Subterranean deposits of natural resources such as gas, water, and crude oil are commonly recovered by drilling wellbores to tap subterranean formations or zones containing such deposits. Various water and/or oil-based fluids, such as water based muds (WBM) or oil based muds (OBM) collectively termed wellbore servicing fluids, are employed in drilling a wellbore and preparing the wellbore and an adjacent subterranean formation for the recovery of material therefrom. For example, a drilling fluid or mud is usually circulated through a wellbore as it is being drilled to cool the bit, control pressure, keep deposits confined to their respective formations during the drilling process, and bring drill cuttings to the surface. The drilling fluid also has the ability to form an impermeable filter cake upon the walls of the wellbore. Other types of wellbore servicing fluids include a fracturing fluid that is used to create fractures in the subterranean formation to thereby increase the recovery of material from the formation. Moreover, a sweeping fluid may be used to flood the subterranean formations, thereby driving oil, gas, or water from the formation into a production wellbore for recovery, and a work-over fluid may be used to perform remedial work in the wellbore.
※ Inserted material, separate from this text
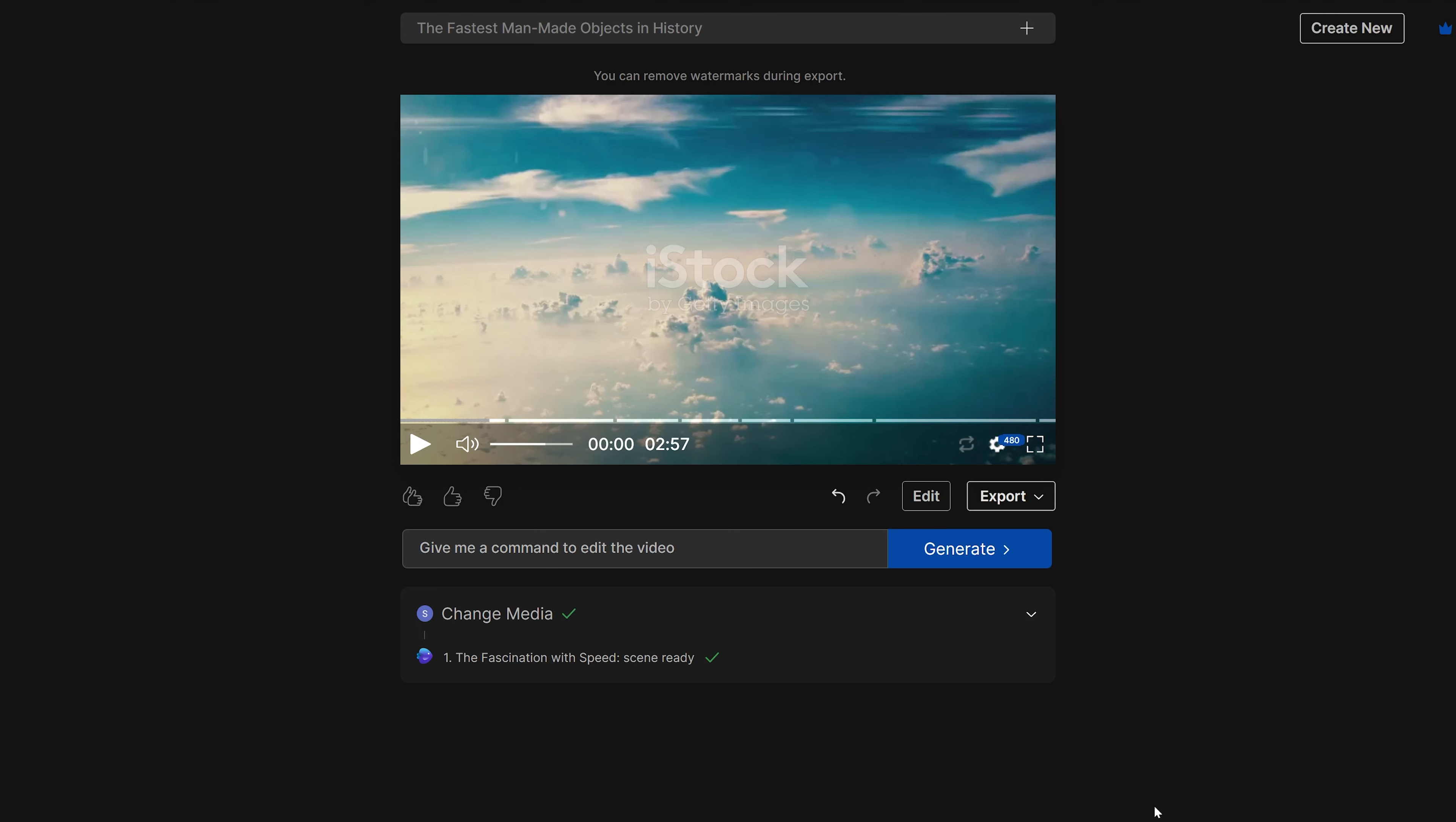Next thing that we can do is give a command to edit the video. Another cool feature that allows you to edit just by entering your text description. Right now, I just want to add subtitles. Click generate. And let's see how this works.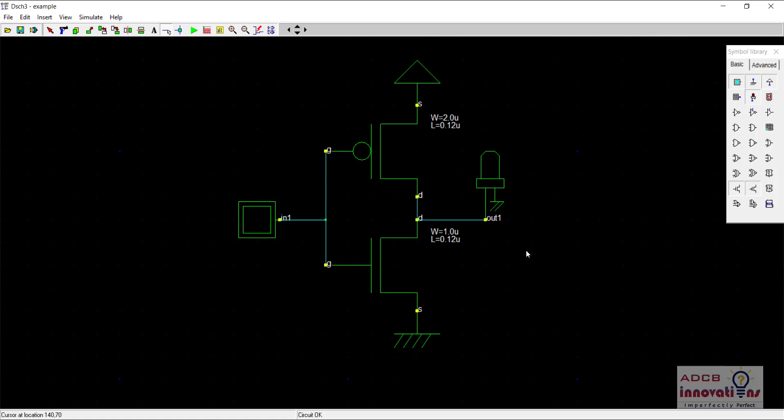Now all our connections are made. You can see there is a PMOS and NMOS in series, both are connected to VDD and ground. Input is here and for output there is an LED. So this is our inverter. You can see both the MOSFETs are complementing each other, one is PMOS and one is NMOS.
Drilling through subterranean zones containing clay and shale that swell upon exposure to water requires the use of non-aqueous drilling fluids to avoid problems such as sloughing and well collapse. Such non-aqueous fluids include a base fluid such as diesel oil mineral oil, an olefin, an organic ester, or a synthetic fluid. The drilling fluid may also comprise an invert emulsion, i.e., a water-in-oil emulsion. Unfortunately, fluid loss from such wellbore servicing fluids often occurs in the wellbore, resulting in severe problems. For example, an excessive amount of filter cake may build-up on the walls of the wellbore, causing the drill pipe to become lodged such that it is very difficult to remove it from the wellbore. Further, electrical logging of the wellbore can be adversely affected due to excessively high fluid loss and consequently exacerbates differential sticking.
Wellbore servicing fluids such as drilling fluids often contain additives and conditioning agents that are important in determining the mechanical and physical properties of the fluid. For example, additives are often included that function to inhibit shale and clay disintegration, provide suspension, or improve fluid loss properties. A potential drawback to the inclusion of these additives is their effect on the fluid viscosity. Many additives while providing some improvements in a fluid property adversely affect the fluid viscosity. For instance, an organophilic clay may be included in a wellbore servicing fluid to reduce the settling or stratification of solid particles in the fluid. The addition of such clays may also result in an undesirable increase in fluid viscosity making the fluid more difficult to pump. Thus, a need exists for methods of maintaining a desired fluid viscosity in the presence of commonly used wellbore servicing fluid additives.